'Doing the right thing': A wallet's long journey back to its owner

ROCKY MOUNT, N.C. (WTVD) -- After losing his wallet on Interstate 95, Scott Curri thought he would never see it again.

Almost a year later, dedicated employees of the NC Department of Transportation proved him wrong. After stopping at a rest area near Rocky Mount, NC on his way to Florida, Curri accidentally left his wallet on the roof of his car before continuing his journey down the highway.

"I thought I'd never see it again and it was gone," Curri said.

On top of losing his bank cards, cash, driver's license and social security card, Curri also lost irreplaceable personal mementos and notes from his wife and late mother who passed away in 2016.

Months later, Bobby Liverman, district engineer for NC Department of Transportation, found a wallet in the glove compartment of a state vehicle. Liverman shipped the wallet to the New York address listed on Curri's driver's license in November, but the address was no longer valid as Curri had since moved.

Determined to reconnect the wallet with its owner, Liverman entrusted one of his office assistants, Sybil Stancil with finding Curri online. Stancil said she searched for Curri on Google and social media in her free time. After around six weeks of searching and dead-end phone calls, she finally got in contact with Curri's wife around Christmas.

"I was elated," Stancil said. "I can't believe I actually found the man that this wallet belongs to, but I did. And it felt good."

Though Curri said he was initially worried he was a victim of a scam, he soon realized the good intentions of Stancil and Liverman.

"Right before Christmas, usually when the biggest scams are out, my wife calls me and said, 'Hey, I just got a call from some lady in North Carolina that was asking me questions about you.' Now, that's not the thing that every guy likes to hear," Curri joked. "But as it turns out, it was Sybil."

Once connected with Curri, Stancil was able to finally reunite Curri with his wallet, packing it in a decorative Christmas tin, which Curri said was extremely meaningful.

"This lady went the extra distance for me," Curri said. "And the Christmas can, that was just too much."

Though Curri said the cash was missing and had most likely blown away as it fell on the interstate, his license, social security card and keepsakes like a fortune from a fortune cookie were still in the wallet. Most importantly for Curri, a hand-drawn heart from his wife featuring the words "a hug & kiss for you" and a handwritten and signed note from his mother in 2008 remained safely nestled in his wallet.

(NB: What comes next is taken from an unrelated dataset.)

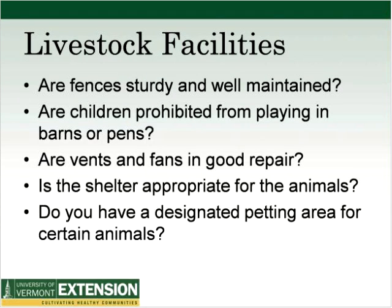For livestock facilities: are fences sturdy and well maintained? Are children prohibited from playing in barns or pens? Are vents and fans in good repair? Is the shelter appropriate for the animals? Do you have a designated petting area for certain animals?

"The money and the other stuff didn't matter," Curri said. "But everything else was irreplaceable."

Though Curri said he feels Stancil's efforts to find him were encouraging during difficult current times, Stancil said she simply felt like she did something she was meant to do.

"You hear the saying all the time: 'some people go above and beyond,' but this wasn't above and beyond, I just felt led to do it," Stancil said. "I felt like I was handed a task and I wanted to complete it."

Curri expressed his profound gratitude to Stancil and Liverman to finally have the priceless notes and memories returned to him after many months apart.

"Sybil is the kind of person who maintains the faith that things are going to be all right," Curri said. "She's a good person, doing the right thing."